In this study we compare the discriminatory power for cyclostratigraphic analyses between seismic data and an equivalent borehole log. We develop a method for spectral background estimation that accounts for some of the amplitude and frequency filtering effects inherent to seismic data. We forward model the seismic response using 1-D visco-acoustic full-wavefield seismic modelling that includes the contribution of multiples and seismic absorption, which we combine with Monte Carlo ensemble modelling using sedimentary noise models to quantify the discriminatory power of both seismic and borehole significance testing approaches.

We demonstrate this on two examples: i) a simplified model with constant background velocity, sedimentation rate and known seismic source wavelet, and ii) a real-world example based on ODP Site 1084 (Cape Basin, ODP Leg 175). We observe in both cases that the sensitivity and specificity (related to the true and false detection rates) for the seismic case are strongly dependent on the spectral frequency, compared to the largely frequency-independent results for the borehole cyclostratigraphy. For the ODP Site 1084 example we observe a seismic spectral peak corresponding to 95 kyr eccentricity with an uncalibrated confidence level of >95%. Our Monte Carlo ensemble modelling, however, shows that the false positive rate at this frequency and confidence level is around 25%, compared to around 5% for the equivalent borehole cyclostratigraphy. We also demonstrate eccentricity modulation and bundling analysis (TimeOpt) applied to the seismic data, which can successfully invert for the sedimentation rate for the simplified seismic synthetic example.
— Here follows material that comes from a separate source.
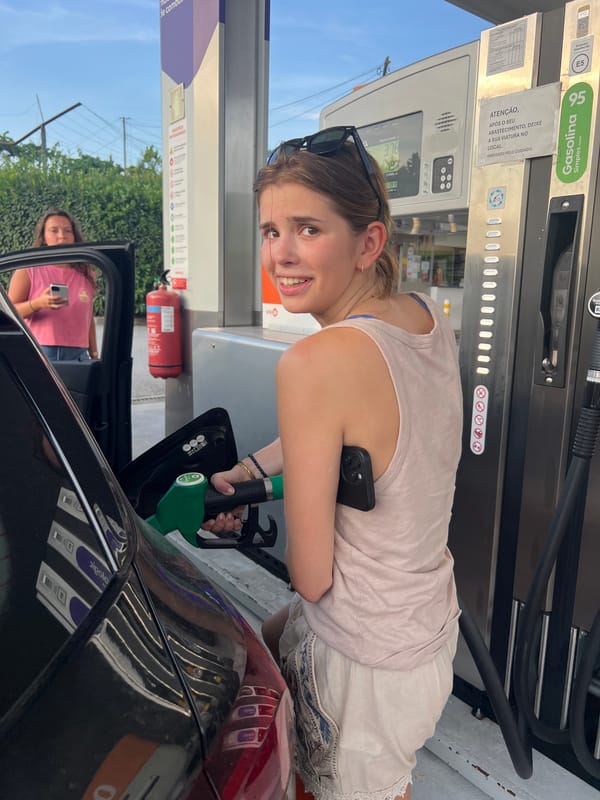 Quick gas station stop in Felgueiras on a warm afternoon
Our results suggest that reliably identifying Milanković cyclicity from seismic data is possible but is strongly dependent on the sedimentation rate, the geophysical properties of the subsurface and the spectral frequency in question. Where the age model is known (i.e., from a co-located borehole) and an orbital signal is well-preserved in the acoustic impedance, for typical airgun seismic bandwidths, sedimentation rates around 20 cm ka^-1 and seismic velocities around 1600 ms^-1 it should be generally possible to identify eccentricity and obliquity cyclicity in seismic data. This opens the door to widespread use of seismic cyclostratigraphy to identify the preservation of cyclicity directly from seismic data, to extrapolate astronomically-tuned age models away from (and below) boreholes and to screen for the preservation of cyclicity prior to drilling. Similar principles could be applied to other methods such as sub-bottom profilers to identify, for example, higher frequency precessional cyclicity.